● Study material:
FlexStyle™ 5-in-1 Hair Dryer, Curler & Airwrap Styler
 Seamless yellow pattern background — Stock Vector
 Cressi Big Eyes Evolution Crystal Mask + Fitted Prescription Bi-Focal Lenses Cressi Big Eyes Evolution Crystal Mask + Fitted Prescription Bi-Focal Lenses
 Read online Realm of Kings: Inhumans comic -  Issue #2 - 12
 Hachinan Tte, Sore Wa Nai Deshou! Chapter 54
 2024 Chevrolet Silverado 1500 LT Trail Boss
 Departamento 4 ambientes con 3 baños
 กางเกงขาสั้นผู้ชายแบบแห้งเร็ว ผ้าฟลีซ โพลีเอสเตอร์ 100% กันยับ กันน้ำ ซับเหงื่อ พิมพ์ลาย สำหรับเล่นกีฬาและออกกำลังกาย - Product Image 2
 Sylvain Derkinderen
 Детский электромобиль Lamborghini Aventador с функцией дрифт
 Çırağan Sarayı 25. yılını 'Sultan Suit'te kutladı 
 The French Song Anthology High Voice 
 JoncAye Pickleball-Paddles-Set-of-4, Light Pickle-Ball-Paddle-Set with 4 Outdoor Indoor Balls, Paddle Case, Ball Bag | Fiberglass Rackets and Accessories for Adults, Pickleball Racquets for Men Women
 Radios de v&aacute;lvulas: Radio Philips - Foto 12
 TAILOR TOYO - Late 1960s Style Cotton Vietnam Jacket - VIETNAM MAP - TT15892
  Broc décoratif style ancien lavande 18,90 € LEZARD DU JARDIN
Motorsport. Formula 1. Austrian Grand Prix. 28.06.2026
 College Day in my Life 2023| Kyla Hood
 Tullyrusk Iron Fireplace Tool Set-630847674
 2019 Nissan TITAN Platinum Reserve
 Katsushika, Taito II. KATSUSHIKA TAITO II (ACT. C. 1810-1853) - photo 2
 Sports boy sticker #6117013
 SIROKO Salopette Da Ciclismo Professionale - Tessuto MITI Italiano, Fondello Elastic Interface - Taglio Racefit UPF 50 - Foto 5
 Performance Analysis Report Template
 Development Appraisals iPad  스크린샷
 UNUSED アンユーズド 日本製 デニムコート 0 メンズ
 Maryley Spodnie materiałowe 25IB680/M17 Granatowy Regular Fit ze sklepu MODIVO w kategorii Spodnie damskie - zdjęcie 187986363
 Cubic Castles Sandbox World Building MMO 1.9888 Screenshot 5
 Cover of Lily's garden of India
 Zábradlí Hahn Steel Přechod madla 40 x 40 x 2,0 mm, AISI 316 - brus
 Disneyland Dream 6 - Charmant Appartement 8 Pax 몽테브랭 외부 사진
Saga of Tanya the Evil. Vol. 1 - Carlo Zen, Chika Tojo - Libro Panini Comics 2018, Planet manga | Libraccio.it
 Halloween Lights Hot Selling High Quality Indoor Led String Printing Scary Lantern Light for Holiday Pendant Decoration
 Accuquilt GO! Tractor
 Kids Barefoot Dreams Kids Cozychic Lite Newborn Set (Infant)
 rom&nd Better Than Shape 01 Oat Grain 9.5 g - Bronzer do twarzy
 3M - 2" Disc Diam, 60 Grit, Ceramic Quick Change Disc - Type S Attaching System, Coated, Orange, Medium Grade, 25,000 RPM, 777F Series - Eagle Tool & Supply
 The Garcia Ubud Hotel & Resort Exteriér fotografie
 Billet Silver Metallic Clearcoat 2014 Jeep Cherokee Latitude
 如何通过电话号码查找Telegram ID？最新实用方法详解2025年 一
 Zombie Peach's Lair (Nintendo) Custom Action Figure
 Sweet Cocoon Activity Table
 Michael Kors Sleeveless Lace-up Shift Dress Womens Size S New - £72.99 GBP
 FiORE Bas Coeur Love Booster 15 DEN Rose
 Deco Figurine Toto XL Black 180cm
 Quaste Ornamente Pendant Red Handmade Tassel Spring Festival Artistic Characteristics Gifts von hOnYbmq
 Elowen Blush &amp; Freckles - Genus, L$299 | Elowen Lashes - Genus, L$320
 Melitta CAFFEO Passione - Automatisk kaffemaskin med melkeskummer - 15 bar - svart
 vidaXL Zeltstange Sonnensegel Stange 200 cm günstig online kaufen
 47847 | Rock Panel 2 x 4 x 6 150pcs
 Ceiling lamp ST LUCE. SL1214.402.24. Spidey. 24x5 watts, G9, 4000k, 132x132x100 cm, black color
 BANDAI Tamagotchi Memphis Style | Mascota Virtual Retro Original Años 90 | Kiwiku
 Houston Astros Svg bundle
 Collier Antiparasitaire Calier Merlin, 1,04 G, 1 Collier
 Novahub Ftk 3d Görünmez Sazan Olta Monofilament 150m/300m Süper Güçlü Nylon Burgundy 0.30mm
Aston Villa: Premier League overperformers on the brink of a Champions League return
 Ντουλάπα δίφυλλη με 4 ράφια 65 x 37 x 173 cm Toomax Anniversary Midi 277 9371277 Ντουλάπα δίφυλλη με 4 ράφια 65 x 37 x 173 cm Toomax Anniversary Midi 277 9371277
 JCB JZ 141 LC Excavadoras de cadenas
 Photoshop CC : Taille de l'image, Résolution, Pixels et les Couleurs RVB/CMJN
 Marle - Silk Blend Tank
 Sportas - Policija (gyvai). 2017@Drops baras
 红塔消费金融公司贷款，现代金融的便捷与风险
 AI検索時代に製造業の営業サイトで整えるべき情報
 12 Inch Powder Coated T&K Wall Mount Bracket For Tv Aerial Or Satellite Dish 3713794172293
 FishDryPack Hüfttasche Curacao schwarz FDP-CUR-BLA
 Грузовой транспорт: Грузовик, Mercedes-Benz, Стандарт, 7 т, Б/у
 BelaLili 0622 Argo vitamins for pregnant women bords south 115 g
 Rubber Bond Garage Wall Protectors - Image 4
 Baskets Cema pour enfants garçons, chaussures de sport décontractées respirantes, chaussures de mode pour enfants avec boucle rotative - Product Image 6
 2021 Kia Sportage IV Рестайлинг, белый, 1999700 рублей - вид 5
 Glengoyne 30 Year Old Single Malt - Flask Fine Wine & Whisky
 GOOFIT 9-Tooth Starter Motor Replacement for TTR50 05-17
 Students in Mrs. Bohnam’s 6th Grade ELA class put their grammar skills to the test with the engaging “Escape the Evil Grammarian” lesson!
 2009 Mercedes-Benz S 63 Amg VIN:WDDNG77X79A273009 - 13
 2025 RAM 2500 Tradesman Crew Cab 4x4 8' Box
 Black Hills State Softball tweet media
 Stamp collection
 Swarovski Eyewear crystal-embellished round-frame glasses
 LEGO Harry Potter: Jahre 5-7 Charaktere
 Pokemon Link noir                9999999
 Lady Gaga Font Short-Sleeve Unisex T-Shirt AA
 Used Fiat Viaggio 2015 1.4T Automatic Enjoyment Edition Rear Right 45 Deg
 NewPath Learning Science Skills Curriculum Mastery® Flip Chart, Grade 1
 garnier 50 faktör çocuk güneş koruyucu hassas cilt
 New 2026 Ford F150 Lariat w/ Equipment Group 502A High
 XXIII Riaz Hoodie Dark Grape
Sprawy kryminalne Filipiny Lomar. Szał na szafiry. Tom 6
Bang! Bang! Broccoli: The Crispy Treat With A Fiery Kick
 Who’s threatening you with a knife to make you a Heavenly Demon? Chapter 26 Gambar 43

● Activity:
The stretch of entries above that starts with the line containing "Photoshop CC : Taille" and goes on through the line containing "Swarovski Eyewear crystal-embellished" is to be transcribed exactly, and no other line is to be transcribed.

● Your response:
 Photoshop CC : Taille de l'image, Résolution, Pixels et les Couleurs RVB/CMJN
 Marle - Silk Blend Tank
 Sportas - Policija (gyvai). 2017@Drops baras
 红塔消费金融公司贷款，现代金融的便捷与风险
 AI検索時代に製造業の営業サイトで整えるべき情報
 12 Inch Powder Coated T&K Wall Mount Bracket For Tv Aerial Or Satellite Dish 3713794172293
 FishDryPack Hüfttasche Curacao schwarz FDP-CUR-BLA
 Грузовой транспорт: Грузовик, Mercedes-Benz, Стандарт, 7 т, Б/у
 BelaLili 0622 Argo vitamins for pregnant women bords south 115 g
 Rubber Bond Garage Wall Protectors - Image 4
 Baskets Cema pour enfants garçons, chaussures de sport décontractées respirantes, chaussures de mode pour enfants avec boucle rotative - Product Image 6
 2021 Kia Sportage IV Рестайлинг, белый, 1999700 рублей - вид 5
 Glengoyne 30 Year Old Single Malt - Flask Fine Wine & Whisky
 GOOFIT 9-Tooth Starter Motor Replacement for TTR50 05-17
 Students in Mrs. Bohnam’s 6th Grade ELA class put their grammar skills to the test with the engaging “Escape the Evil Grammarian” lesson!
 2009 Mercedes-Benz S 63 Amg VIN:WDDNG77X79A273009 - 13
 2025 RAM 2500 Tradesman Crew Cab 4x4 8' Box
 Black Hills State Softball tweet media
 Stamp collection
 Swarovski Eyewear crystal-embellished round-frame glasses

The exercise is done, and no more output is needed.